= Tesco Stores Ltd v Dundee City Council =

Tesco Stores Ltd v Dundee City Council [2012] UKSC 13 was a case before the Supreme Court of the United Kingdom in 2012 concerning planning permission in Scotland.

==Background==
Tesco, a supermarket company had, in 2010, sought a judicial review of Dundee City Council's grant of planning permission to Asda, another supermarket company, on site within 800m of one of Tesco's stores. The Court of Sessions, both the Outer House and the Inner House had refused leave. Tesco claimed that the council had failed to properly apply the sequential test.

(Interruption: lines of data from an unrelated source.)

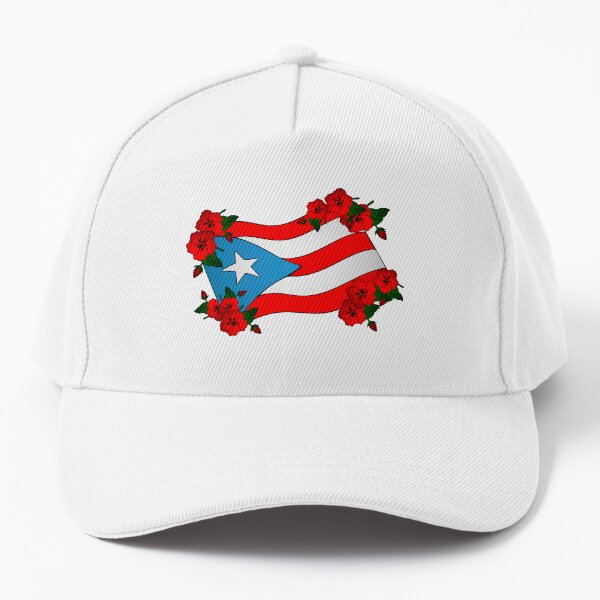 Puerto Rico PR Flag Snapback Hat Cap Baseball Boricua Bandera Gorra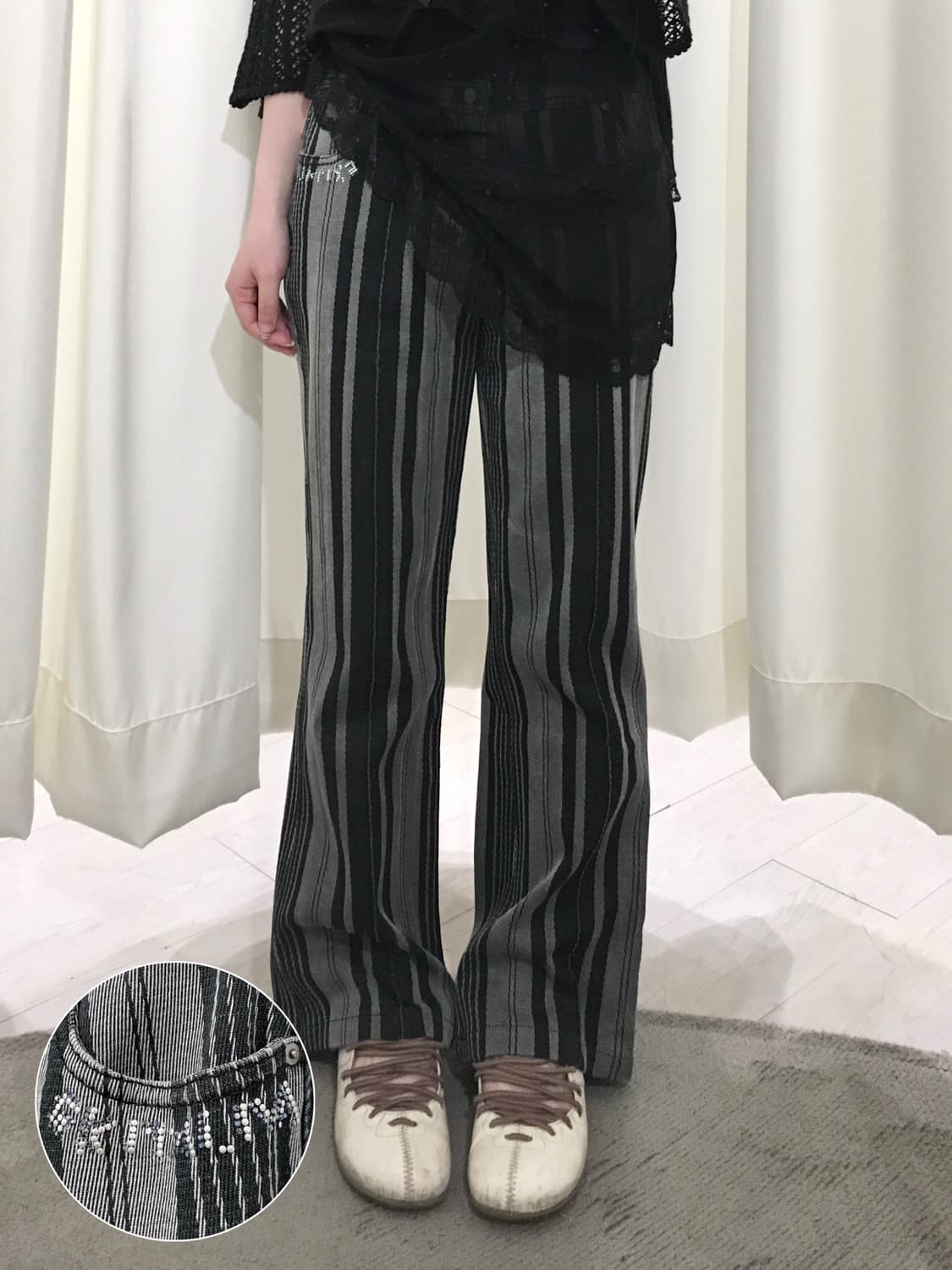 stripe y2k pants 상품이미지1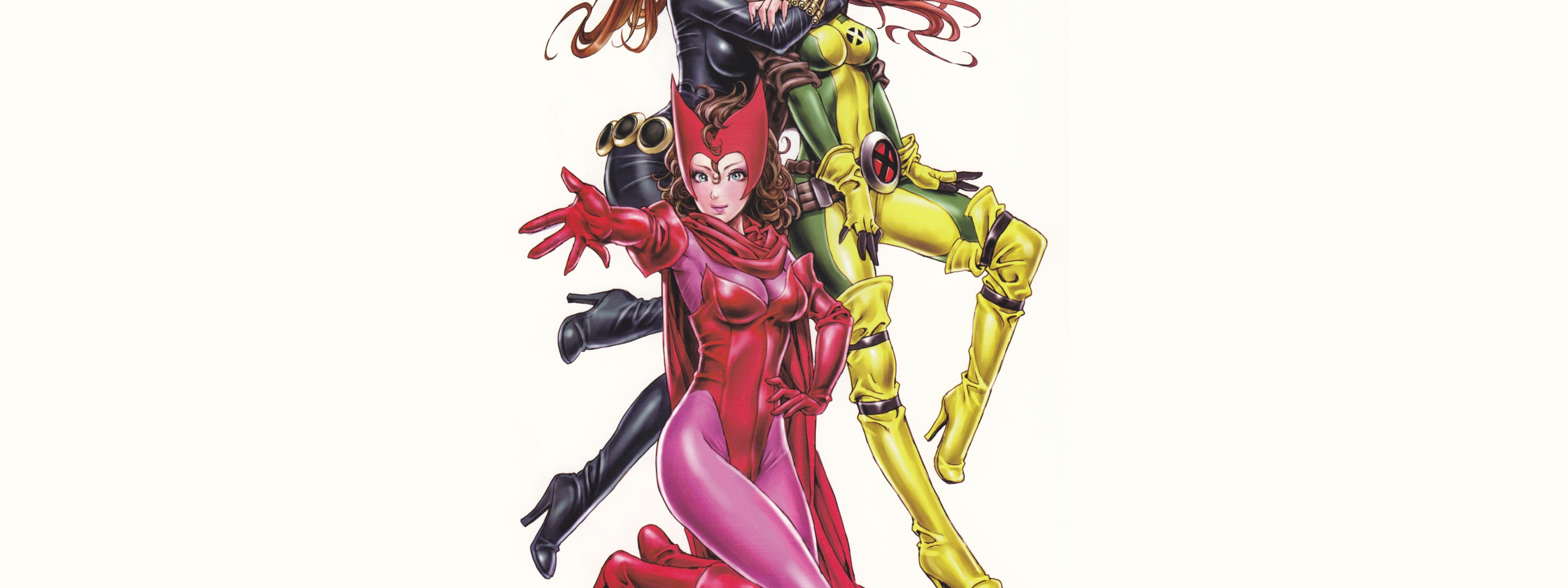 Скачать обои Marvel, Wanda Maximoff, Rogue, Black <b>Widow</b>, раздел фантастика ...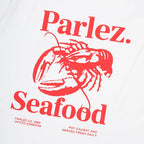 PARLEZ Slip Lobster T-Shirt in White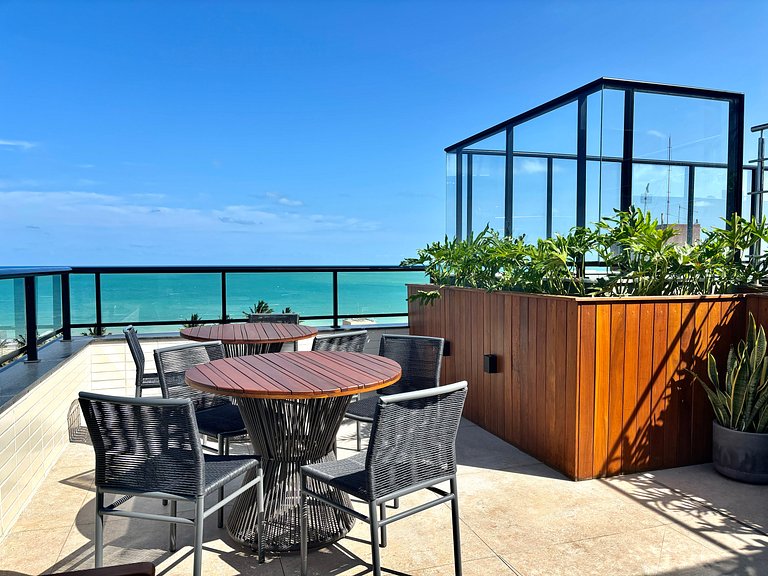 Apartamento Completo a 120m da Praia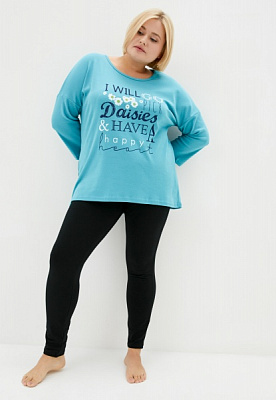 Пижама Роза 210525 5XL р. темно-бирюзовый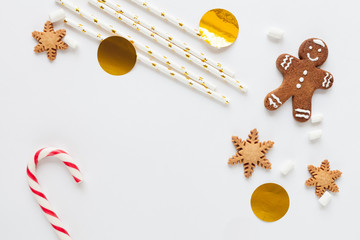 Christmas white background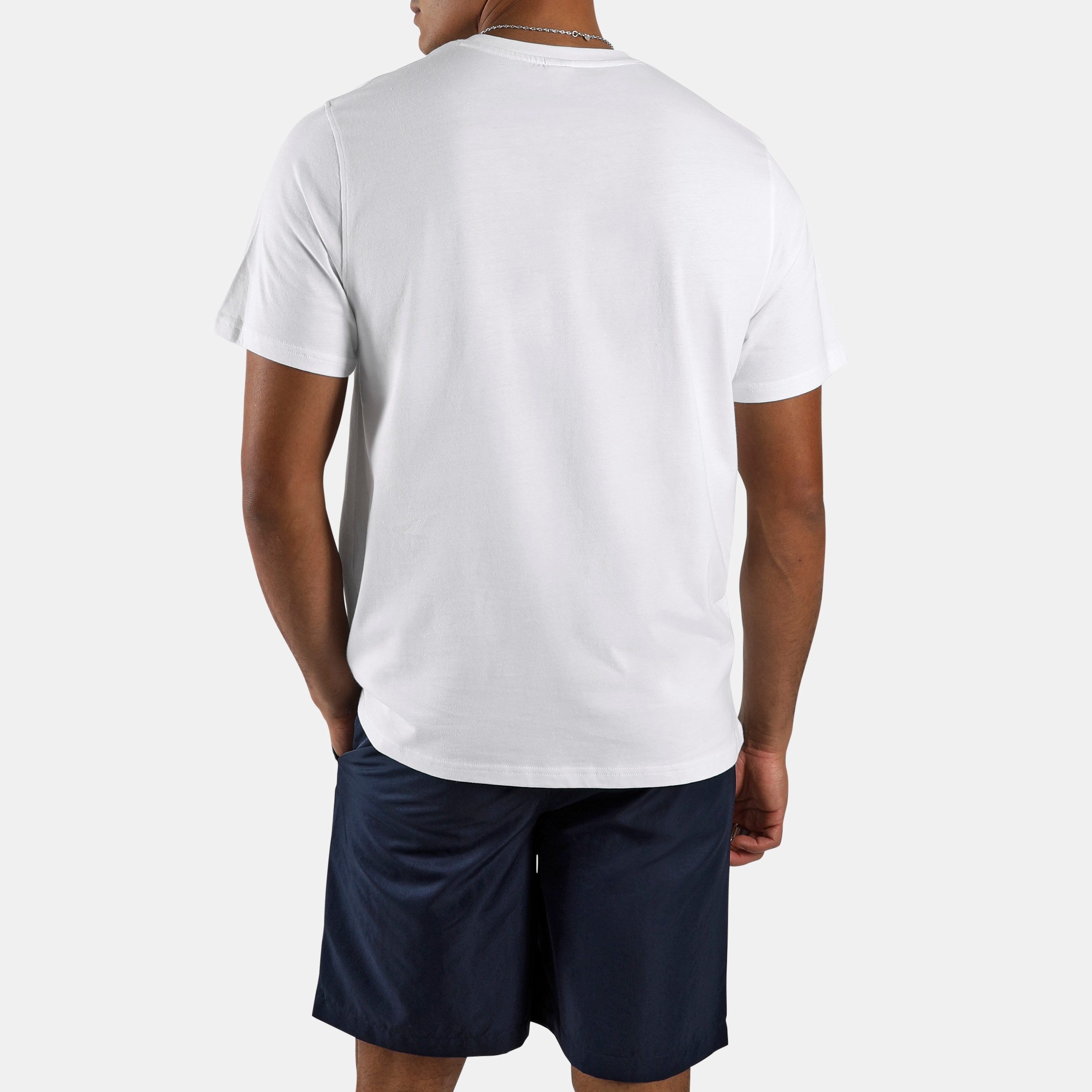 Reebok T-Shirt BRUNO BIG LOGO CREW NECK SS TEE Basic Passform, Kurzarm, sportliches Design, für Laufen und Fitness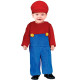 COSTUME CARNEVALE FERROVIERE MACCHINISTA TRENO TRAIN DRIVER SUPER2/3ANNI VESTITO COMPLETO TUTONE E CAPPELLO NO ACCESSORI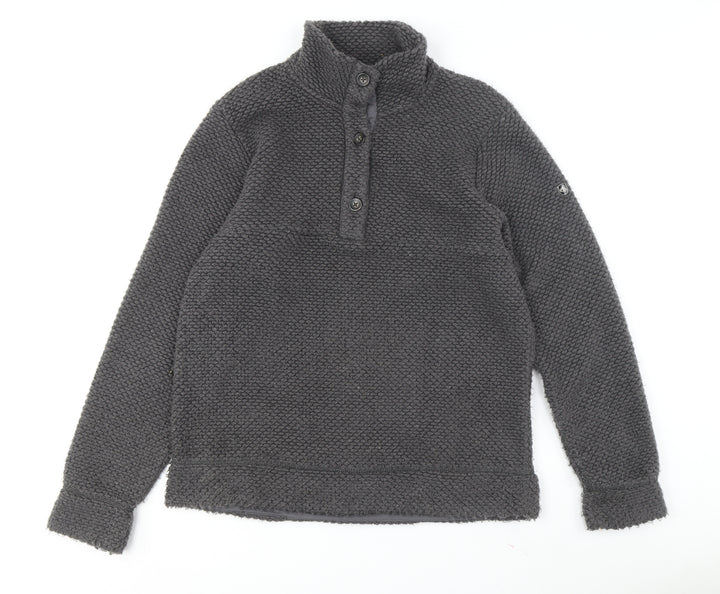 Craghoppers Men's Grey Henley Jumper M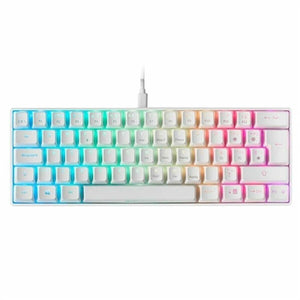 Teclado Mars Gaming MKMINIWBES Qwerty Español RGB Blanco - HAMISHOP07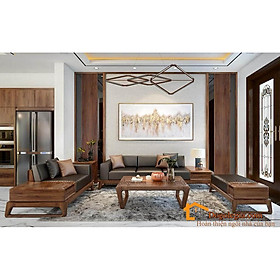Mua - Ngắm Nhìn Mẫu Sofa Gỗ Mới Nhất Tại Lê Gia SG241 Đệm Phẳng
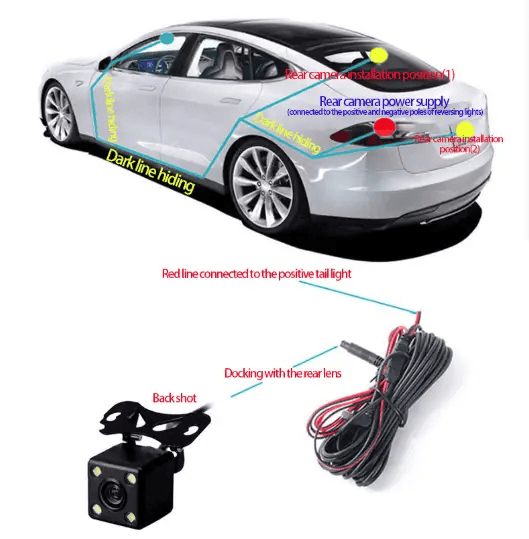 Four-record Driving Recorder Dash Cam Four Channel Video – view 4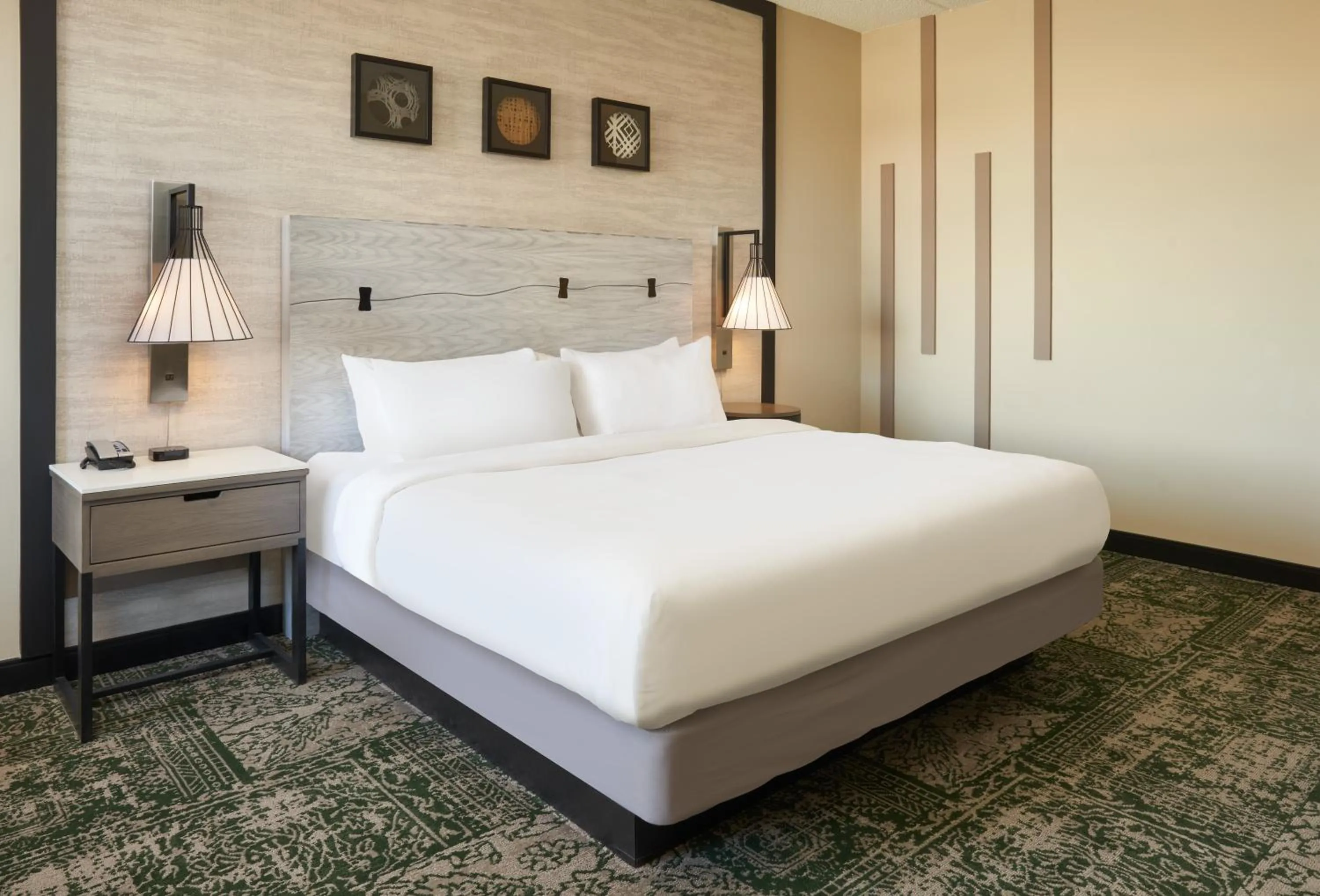 Bed in Hilton Appleton Paper Valley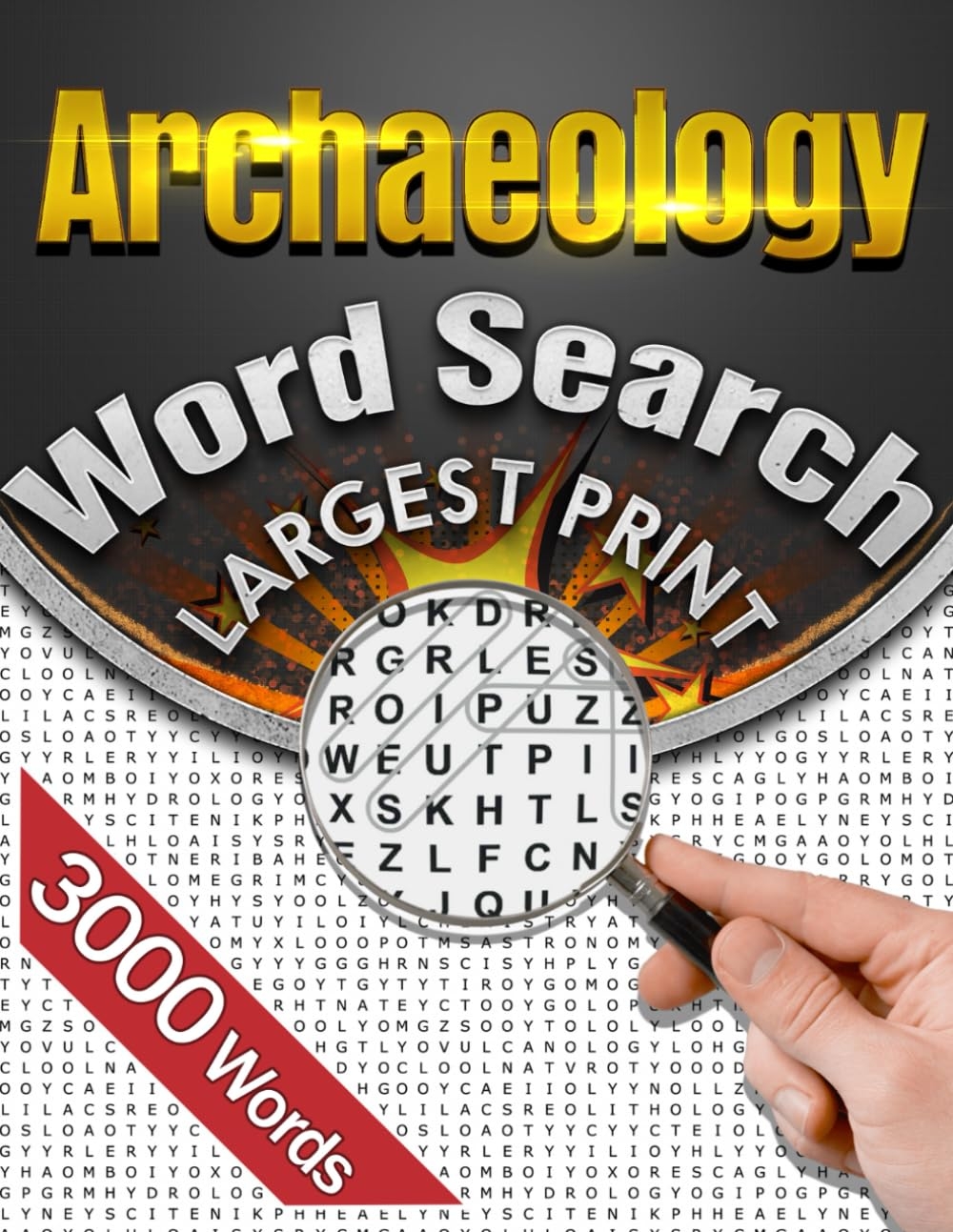 Archaeology Word Search Digging Up The Past Large Print Book 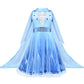Tacobear 10Pcs Frozen Elsa Costume Dress For Girls Kids Toddler Princess Dress Up Clothes For Little Girls With Elsa Accessories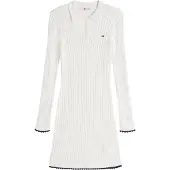 Tommy Hilfiger Strikkjole hvid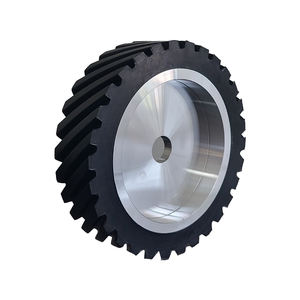 Tafu 200x50mm Mola Diamantata in Gomma Nera Resistente all'Usura Shore353 per Levigatrice a Nastro - Product Image 3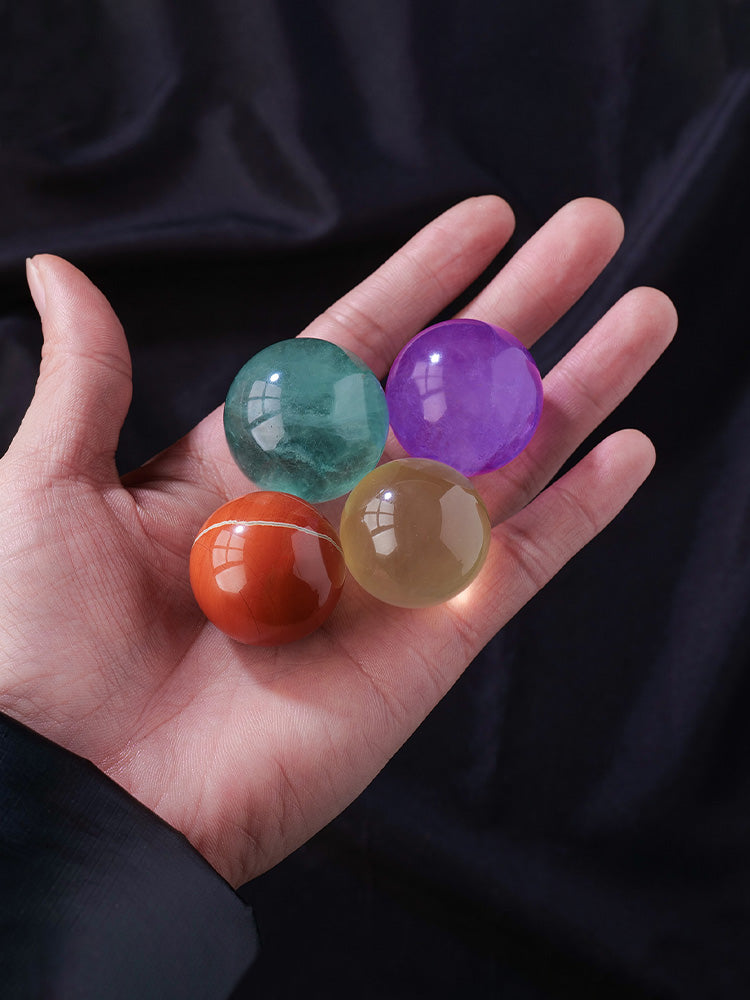 Natural Crystal Sphere Decoration, Raw Ore Grinding, Crystal Sphere, Bedroom Home Furnishing, Office Gift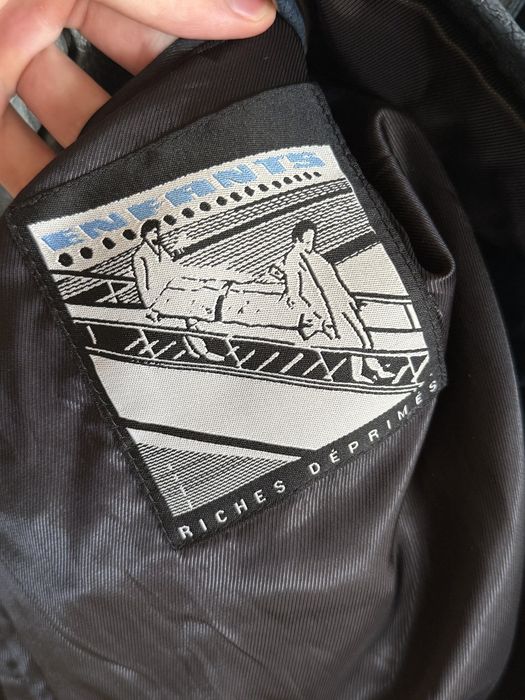 Enfants Riches Deprimes Blue Spanish Elegy Leather Jacket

Tesco appealed to the Supreme Court.

==Arguments==
Tesco said that where there was a dispute over the meaning of a policy in the development plan it was for courts to determine the meaning. A planning authority attaching meaning to words they were capable of bearing, made an error of law.

==Opinion==
The court agreed that the meaning of words was a matter for courts while reiterating that policy statements should not be read as statutory or contractual wording would, and decisions were subject to planning judgment. The exercise of planning judgment could only be challenged because it was irrational or perverse.

An error in interpretation would only be material if there was a reasonable chance that it would have affected the outcome. The court was not convinced that this was the case.

The court dismissed the appeal.

==Use==
R (Zurich Assurance Ltd t/a Threadneedle Property Investments) v North Lincolnshire Council [2012] EWHC 3708 (Admin), Hickinbottom J cited, at Para 61, both Lord Reed (aara 24 including "the question remains… whether an alternative site is suitable for the proposed development, not whether the proposed development can be altered or reduced so that it can be made to fit an alternative site" and Hope (Para 38 including "the issue of suitability is directed to the developer's proposals, not some alternative scheme which might be suggested" and "these criteria are designed for use in the real world"), in terms of understanding "suitability" in NPPF, a planning policy framework akin to the SPP considered by the Supreme Court.